Ensure you have written plans, i.e., budget, designs, and permits. Sometimes you will need professional plans from structural engineers, especially if you're doing a demo. It's an expense that will save you money in the long run. Mainly the permits because there's an outside third party checking the work.

Keep in mind the following before signing the contract:

  • Make sure to check most references provided by the contractor - a seemly minor customer complaint might be a big red flag. Check for common complaints.

  • Check reviews – Angie's List, Yelp, Home Advisor, Google, BBB (note not all business is BBB Accredited). Try to find an accredited BBB contractor, especially for large jobs.

  • You can also check online court records for lawsuits and judgments in counties they do business in. The first contractor I hired had judgments in another county.

  • Verify contractor's licenses with the Department of Professional and Occupation Regulation, DPOR, in your state and make sure they are licensed contractors with no action against them.

  • Check with the county to see if you need a building permit.

  • Vet everyone – even someone recommended by family.

  • Make sure the contract has the "termination for convenience clause" and doesn't have an arbitration clause. If the contract has an "arbitration" clause, you probably will not see your day in court and will spend a lot of money on a lawyer.

  • Make sure you receive a line item budget from the contractors before the work begins in case changes need to be made.

  • Do not let the contractor start work until you get a signed W9 (if needed). This job was for a rental property, and the labor would be expensed, so the proper documents should have been signed before work began.

Try to be on-site as much as possible. Unfortunately, the person managing the project needed supervision.

Do not pay for materials without receipts or buy them yourself. Add this requirement to the contract.

Make sure your contractor knows that all changes to the original plan must have written approval, or they will not get paid. Include it in the contract or send them an email or text to ensure no misunderstanding.

Do not do business with a company that wants a large deposit upfront. Even large well-known companies. Because there's no incentive for them to complete the work on time or address any issues if they arise.

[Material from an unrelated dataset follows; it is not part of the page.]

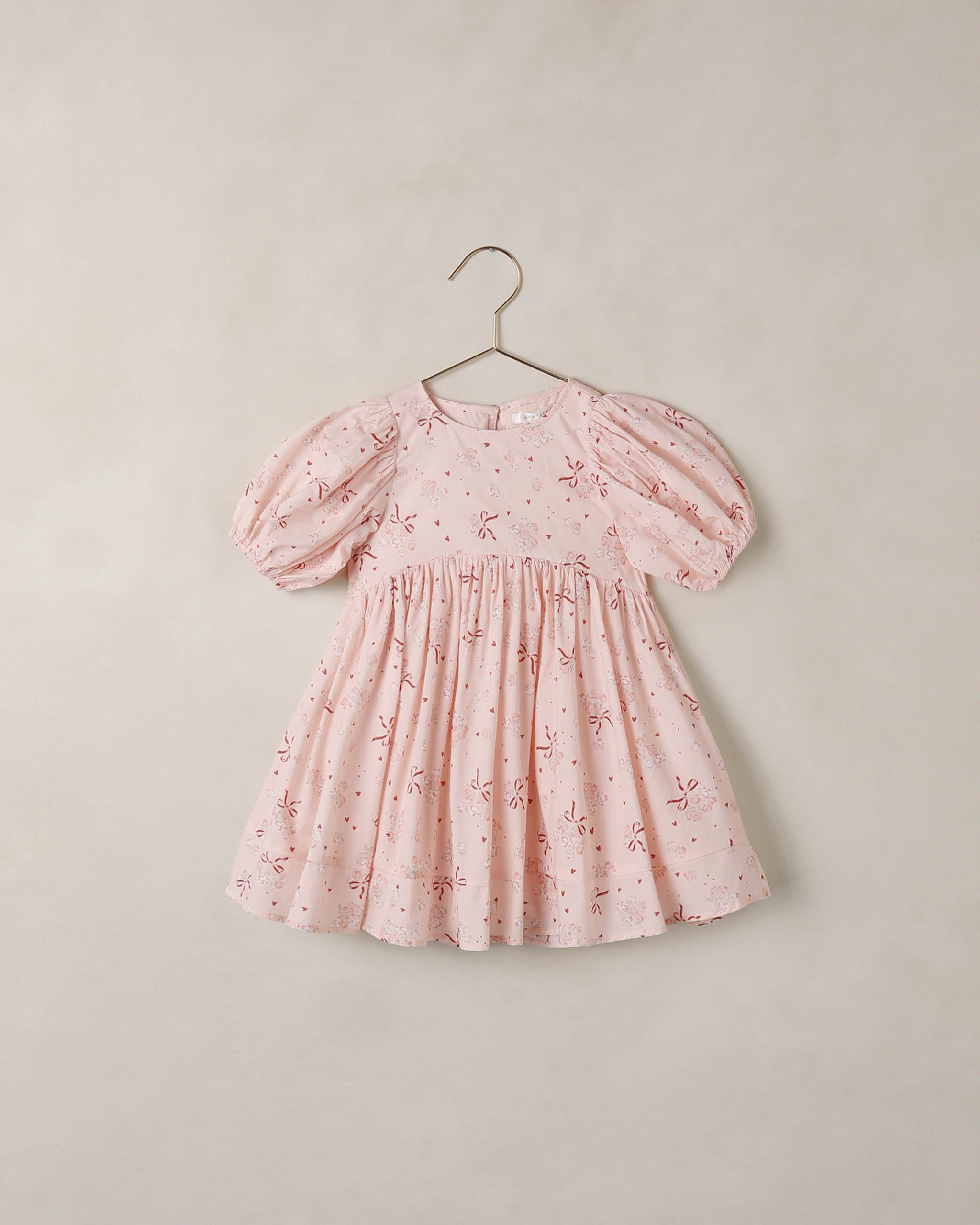 Noralee Luna Dress - Bouquet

Even though you have a Fixed Price contract, pay only the days worked that week. Make sure it's in the contract to avoid misunderstandings.

Get a second opinion and/or bid if a contractor finds issues outside the original contract's scope of work. The second contractor always found problems. (add this clause to the contract if needed.) This might cause delays, but you will save money in the end.

Be prepared for delays, so don't rush the process. However, an honest, professional contractor will inform you of any delays and why.

Don't be a pushover. Believe but verify, and get another estimate if the contractor finds an issue outside the scope of the original contract.

As with any new endeavor, there will be a learning curve. However, my lack of knowledge and trust in people had a high price tag. Would I do it again, given the opportunity? Yes, I would because I love transforming homes to their revitalized functionality and beauty.